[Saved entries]

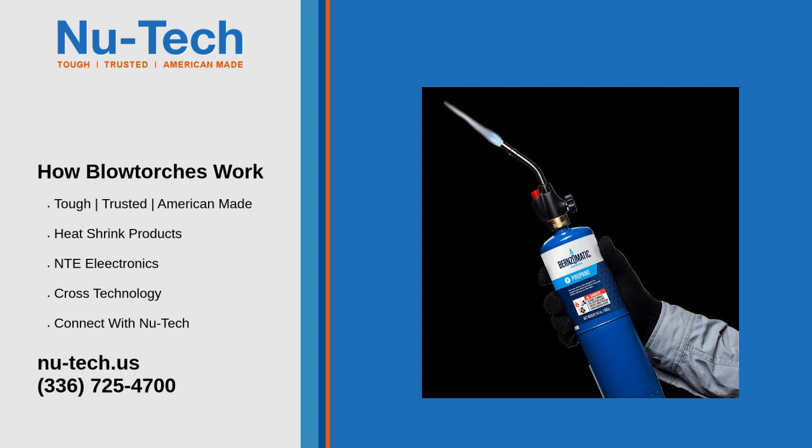Switching off a blowtorch is even simpler than lighting it. First, close the acetylene needle valve, then the oxygen. Both acetylene and oxygen cylinder valves must be closed. Then both needles on the blowtorch head are opened to release the remnant gases inside the hose.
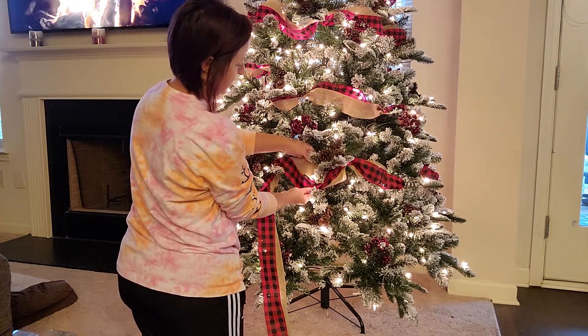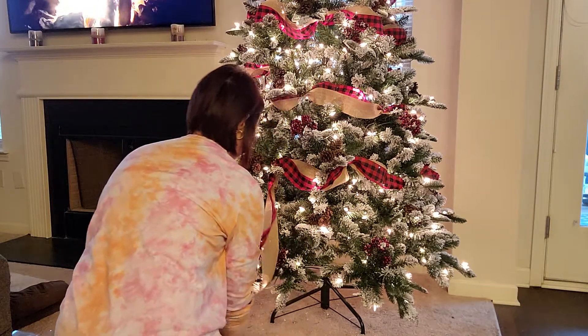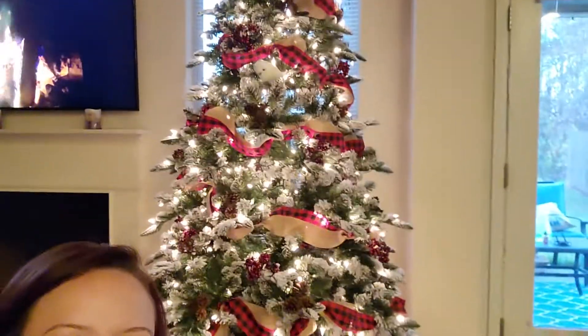And then you can tuck and fluff and pull as you see fit. I will continue to go around my tree doing just that, and the bottom of the tree will look like the rest of this.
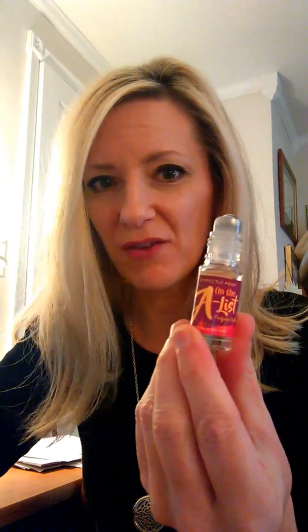This is what we had around the Christmas time. This is called On the A-List, and this is one of Posh's Roller Perfumes. It's a little bottle, but I have been using this almost every day and that is how much I still have left. I even went and bought a new one to keep in the medicine cabinet, afraid that once this one runs out, what am I going to do without it? Because this one stays in my purse.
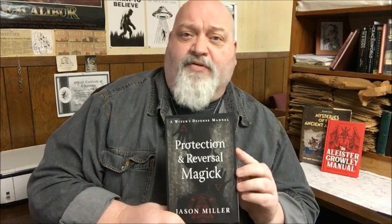He comes at magic from outside the box while honoring the traditions that so many of us have become accustomed to. This book in particular, Protection and Reversal Magic, is just the sort of book that people are looking for.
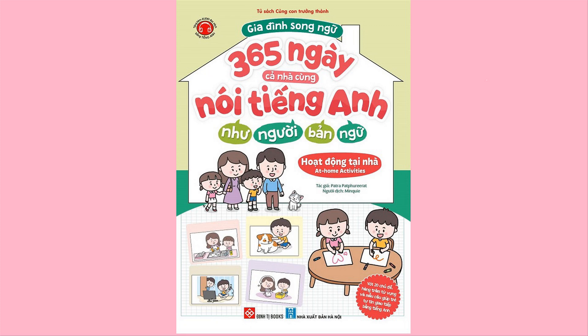5. Duvet. 6. Duvet cover. 7. Pillowcase. 8. Cushion. 9. Nightdress. Nightgown. 10. Pajamas.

→ WHAT YOU ARE ASKED TO DO
Set the lines above down again, word for word, from the first through the one containing "And then you"; pictures excluded.

→ SOLUTION FOR THIS EXERCISE
Switching off a blowtorch is even simpler than lighting it. First, close the acetylene needle valve, then the oxygen. Both acetylene and oxygen cylinder valves must be closed. Then both needles on the blowtorch head are opened to release the remnant gases inside the hose.
And then you can tuck and fluff and pull as you see fit. I will continue to go around my tree doing just that, and the bottom of the tree will look like the rest of this.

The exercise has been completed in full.